# Source data
*** Block opens ***

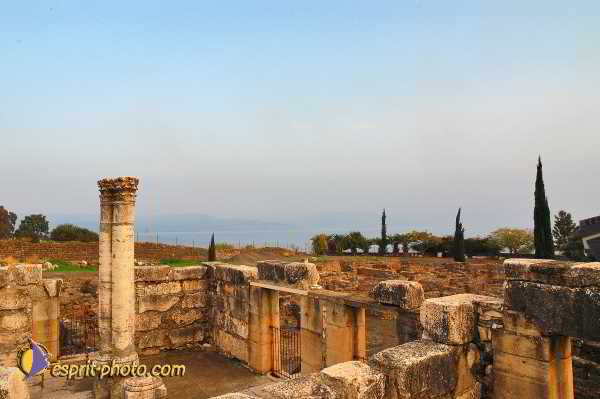 Nom de l'image : D1199511-1 — Description :  Voyage en Terre Sainte avec Jeunesse Lumière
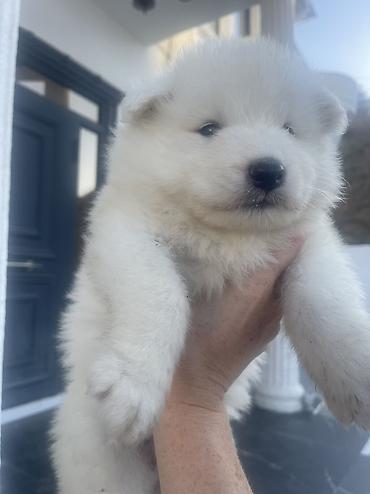 samoyed satisi: Samoyed — 6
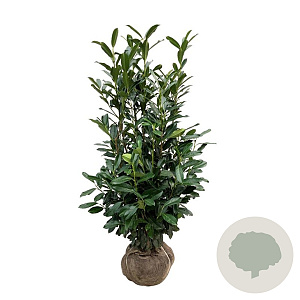 Prunus l. Elly 125-150 cm met kluit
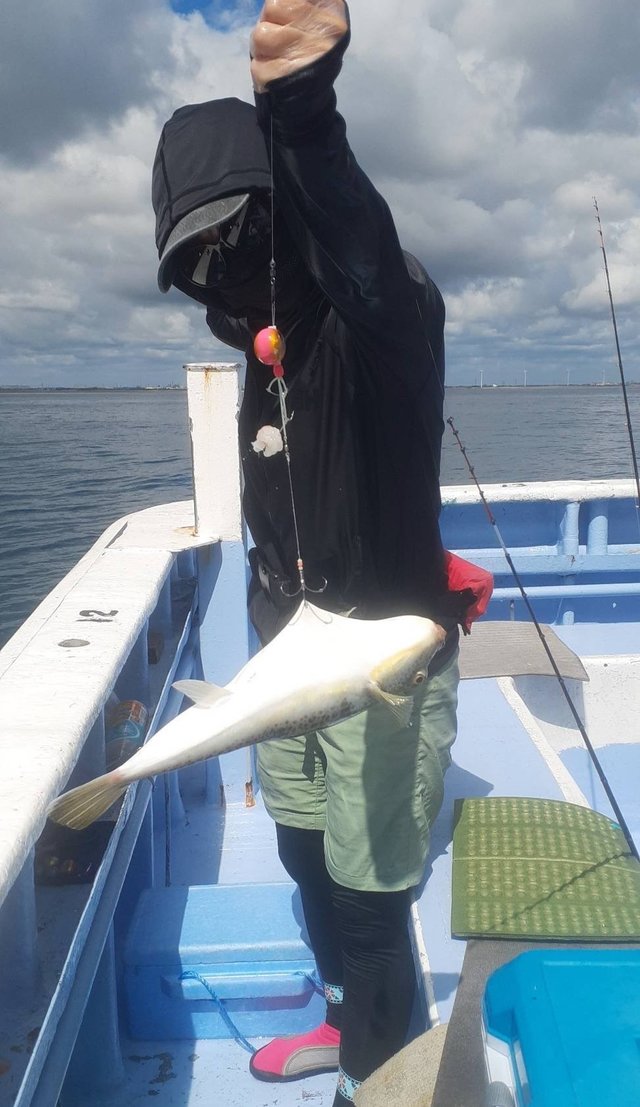 ショウサイフグ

*** Block closes ***

# Task item
Give back the listing exactly, with the pictures removed.

# Exercise result
 Nom de l'image : D1199511-1 — Description :  Voyage en Terre Sainte avec Jeunesse Lumière
 samoyed satisi: Samoyed — 6
 Prunus l. Elly 125-150 cm met kluit
 ショウサイフグ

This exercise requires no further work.